Sola Fide - только верою — страница 37 из 59

Ясно, что и этот закон, которому Ранке охотно и добросовестно подчинялся в своих исторических повествованиях, имеет ограниченную сферу применения. Ранке не станет рассказывать, что крестьянские войны происходили в XVII столетии, а тридцатилетняя война в XVI, он не станет скрывать низкого происхождения Лютера, хотя, может быть, ему было бы по душе видеть в главе реформационного движения владетельного князя, или графа. В этих пределах закон объективности еще вполне импонирует ему. Но за известной чертой обаяние еще недавно непреложной истины сразу исчезает.
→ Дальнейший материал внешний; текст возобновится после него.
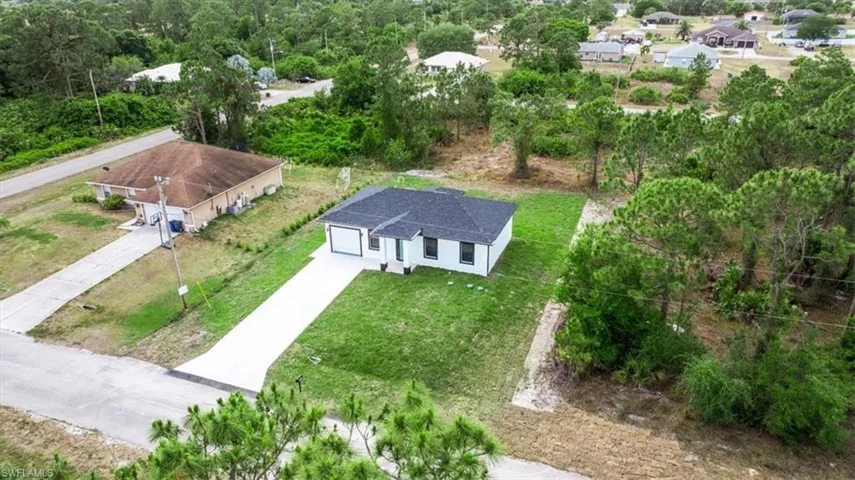 Aerial view of property and surrounding area
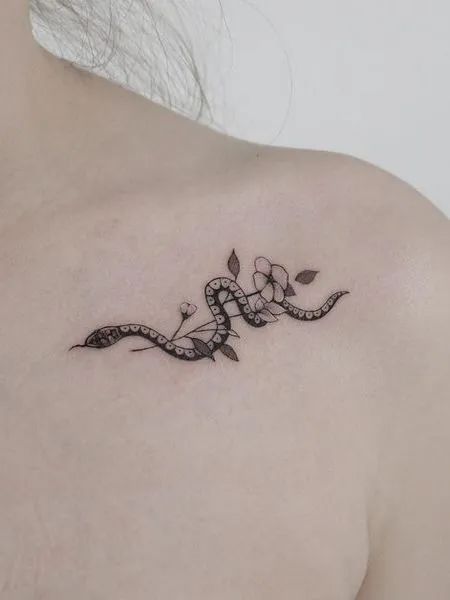 30 Best Collarbone Tattoos For Women In 2025 - Tattoo Pro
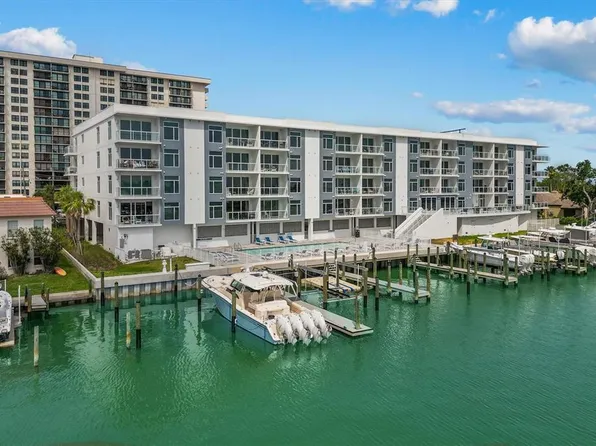 415 Island Way Unit 311, Clearwater, FL 33767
Ни объективность, ни закон для него уже не нужны. Высказывая свои суждения о Лютере и Лойоле, Ранке не считает необходимым даже и вспомнить о своем собственном методе логической конституции. Лойола, который по его собственному признанию, вышел целиком из тех же сомнений и мук, которые согнали и Лютера с протоптанной веками большой дороги истории, не имел убеждений, хотя готов был, как и Лютер, жизнь свою положить за свое дело. Ясно, что Ранке высказывается так категорически и уверенно именно потому, что чувствует, что тут его ничего больше не связывает, что наступил момент свободного решения: уже можно не считаться ни с какими законами, ибо сколько бы новых документов вы ни открыли в архивах, ни один из них не может ни оспорить, ни подтвердить высказанного им суждения.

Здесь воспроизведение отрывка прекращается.